[Opening Records shown section]

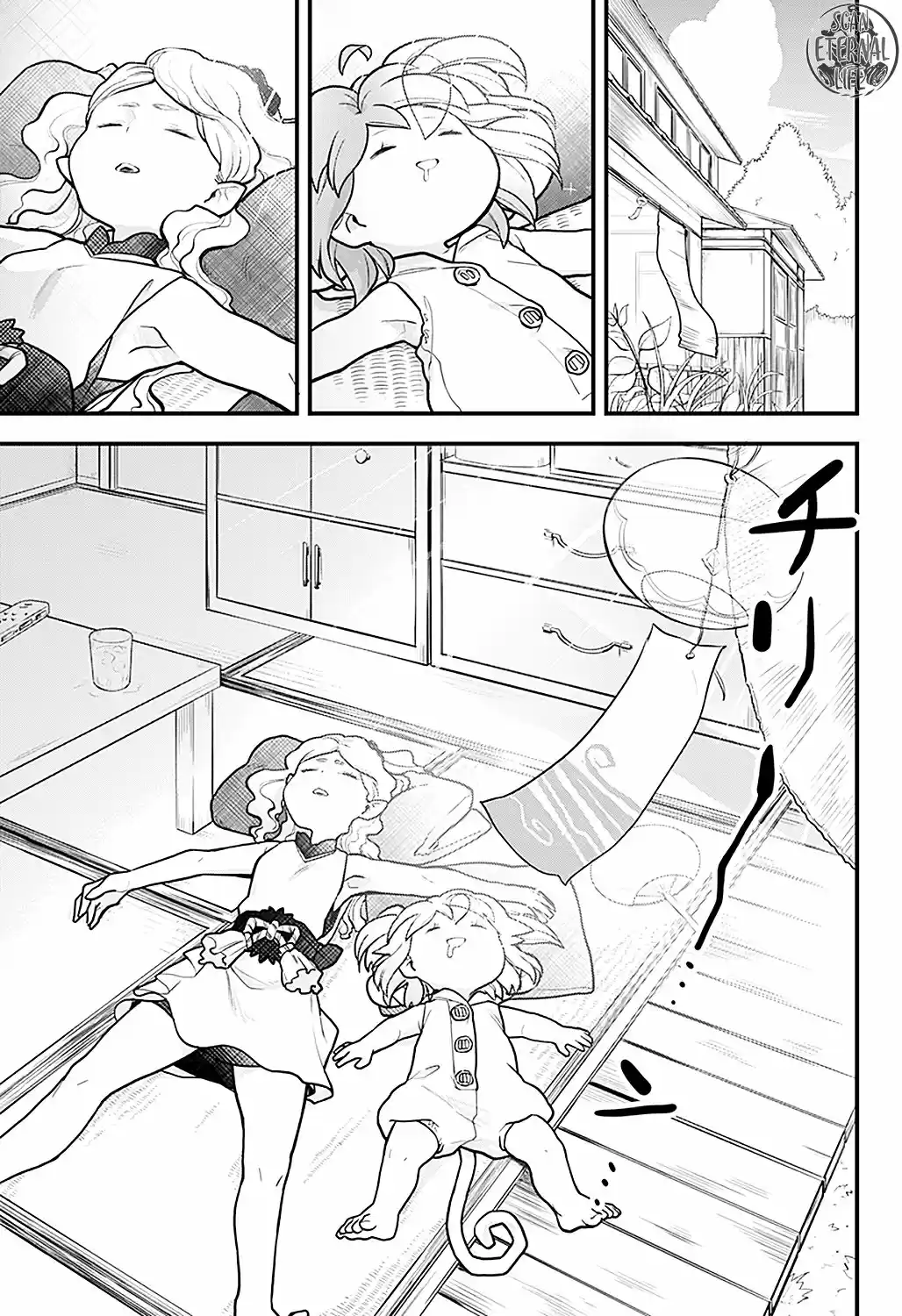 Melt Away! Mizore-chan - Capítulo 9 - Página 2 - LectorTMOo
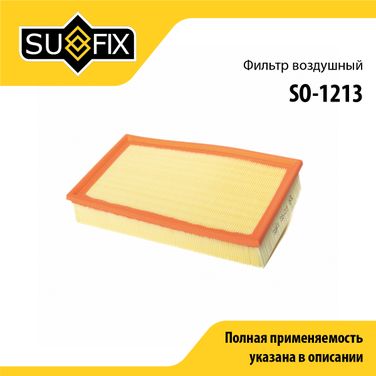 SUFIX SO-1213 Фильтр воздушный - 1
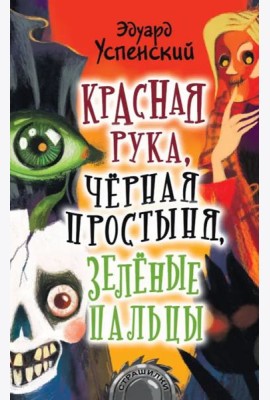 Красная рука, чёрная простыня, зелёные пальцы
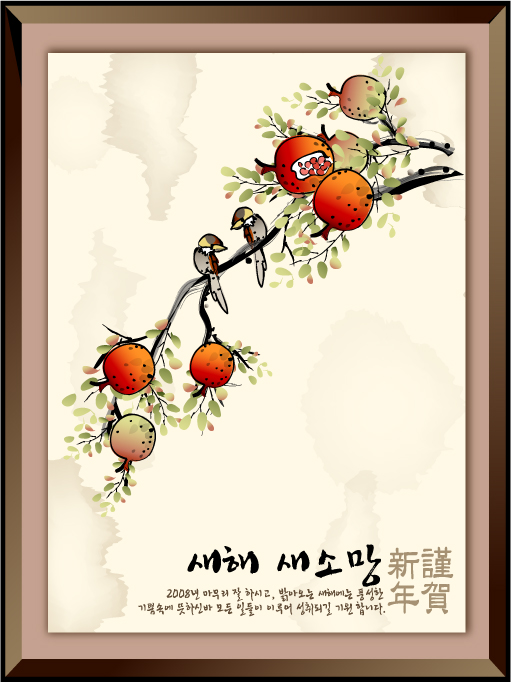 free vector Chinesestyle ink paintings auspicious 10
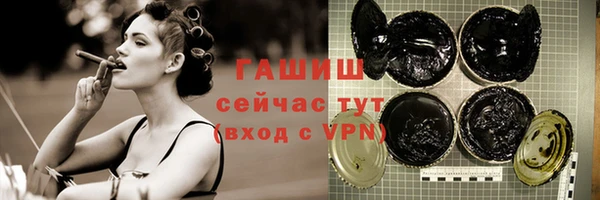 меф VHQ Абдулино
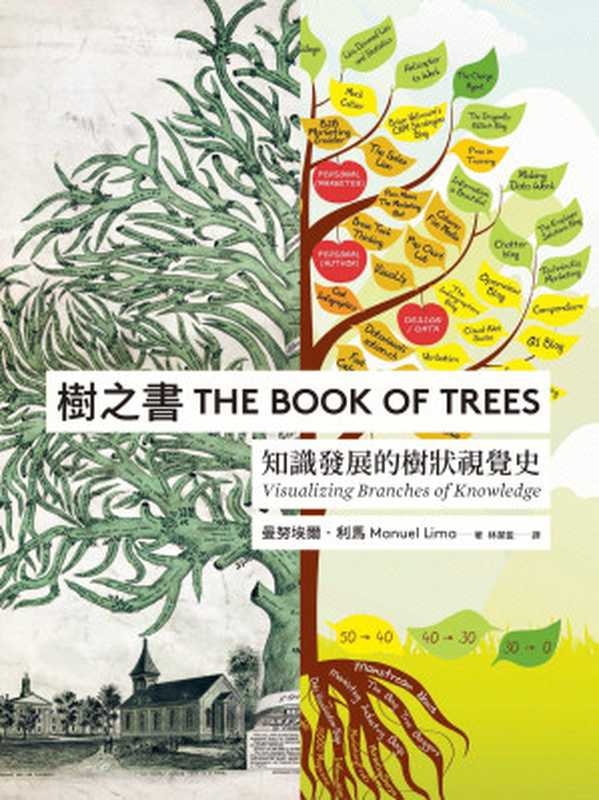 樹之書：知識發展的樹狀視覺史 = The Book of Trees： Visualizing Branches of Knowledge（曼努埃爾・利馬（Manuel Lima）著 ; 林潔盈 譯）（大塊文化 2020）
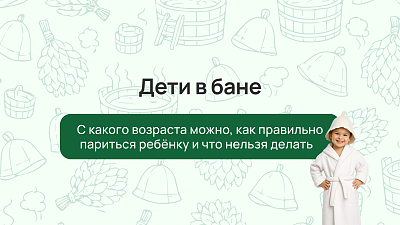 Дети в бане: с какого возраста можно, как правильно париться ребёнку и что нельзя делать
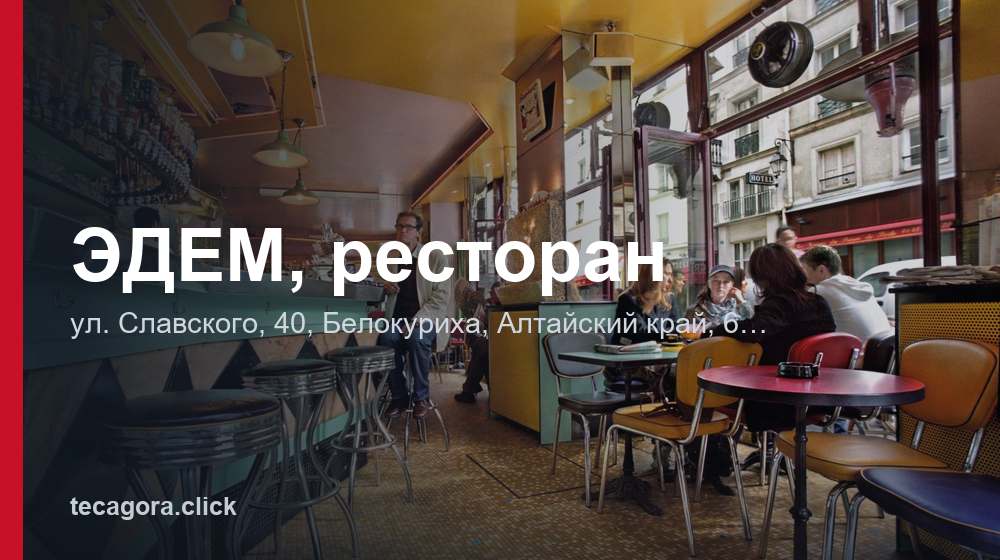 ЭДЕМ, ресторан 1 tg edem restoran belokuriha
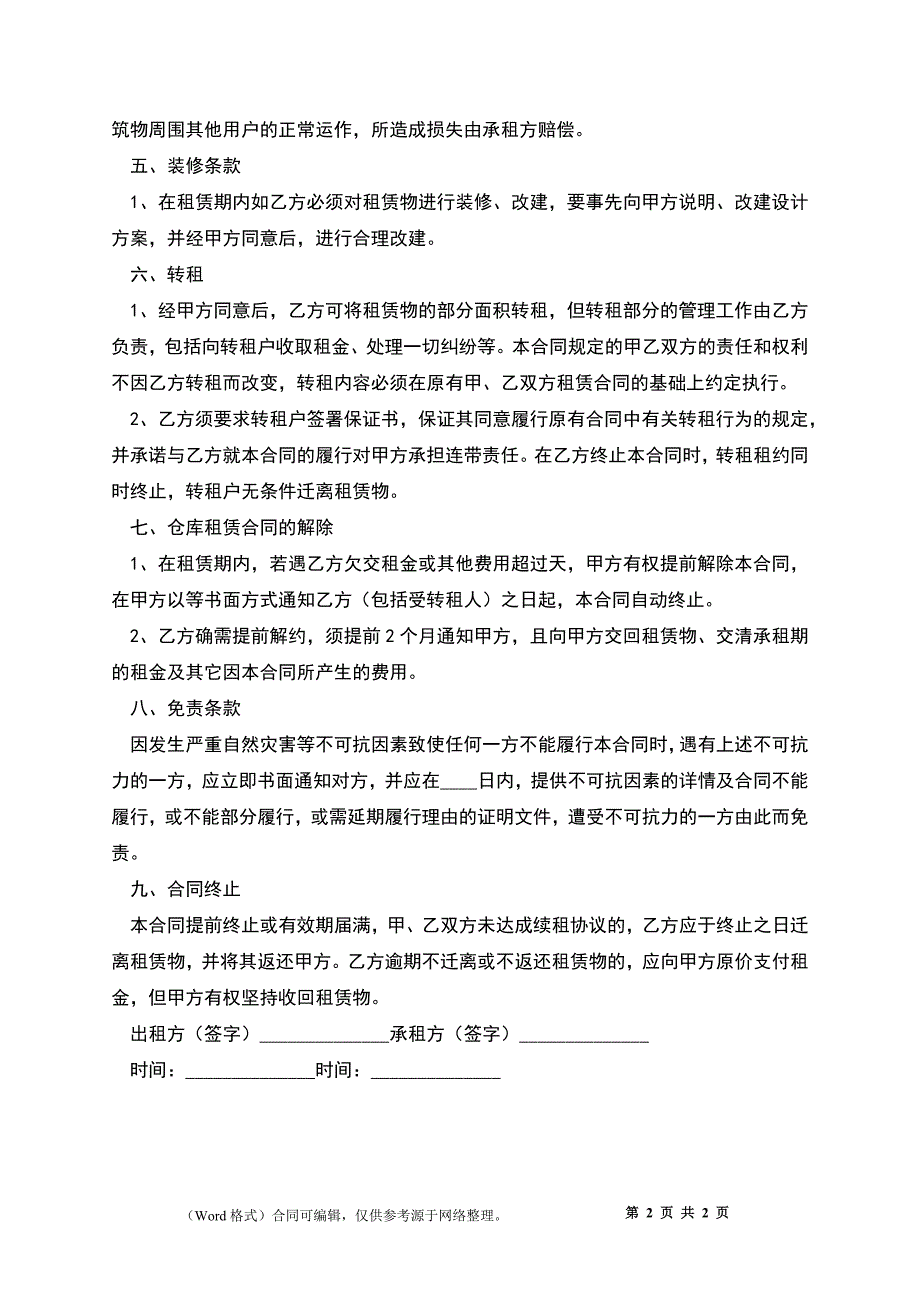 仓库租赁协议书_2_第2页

[Closing Records shown section]

Your objective
Repeat exactly the lines above, from the line that contains "free vector Chinesestyle" down through the line that contains "ЭДЕМ, ресторан 1 tg edem restoran belokuriha". Include both of those lines and none of the pictures.

Task solution
 free vector Chinesestyle ink paintings auspicious 10
 меф VHQ Абдулино
 樹之書：知識發展的樹狀視覺史 = The Book of Trees： Visualizing Branches of Knowledge（曼努埃爾・利馬（Manuel Lima）著 ; 林潔盈 譯）（大塊文化 2020）
 Дети в бане: с какого возраста можно, как правильно париться ребёнку и что нельзя делать
 ЭДЕМ, ресторан 1 tg edem restoran belokuriha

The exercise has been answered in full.